# VIA® VT1705 Audio Codec didn't works on Windows 8



## indroax (Apr 17, 2012)

Assallmualaikum...
Hey everyone,my Audio (VIA® VT1705 Audio Codec) from Asrock G31M-VS2 didn't works on windows 8...although the volume icon is white,,
I've download the latest driver on VIA website..and use the Asrock's CD Driver...its didn't works as well  

can someone know how to fix it??


Thx


----------



## Joseph Schwend (Apr 18, 2012)

I'm having the same problem.
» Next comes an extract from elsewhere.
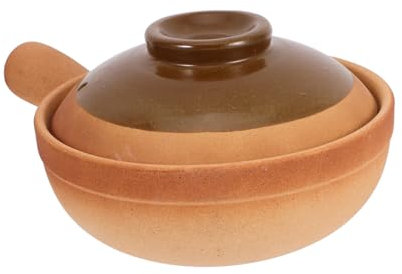 OKUMEYR Cazuela De Barro Tradicional Con Tapa y Asa Olla Para Estofados y Gachas Para Cocción Cocina De Inducción y Uso Doméstico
Sound works fine in Windows 7 and Win XP Please someone help (I know it's probably something easy?), but I'm stumped?


----------



## paulthac (May 8, 2012)

Hi the official word from via after a couple of emails to taiwan is that "windows 8 has not been officially released yet and the new drivers are currentlly under testing....please contact your motherboard (asrock in my case) for the latest drivers". If i hear any more i'll let you know


----------



## Jupiter2 (May 16, 2012)

Windows 8 Preview is just for testing and should not be used as a replacement operating system. When the full version becomes available, you will have to do a new install, you won't be able to upgrade to the full version.

I doubt that any manufacturer has drivers available for release other than beta versions, if you're lucky.


----------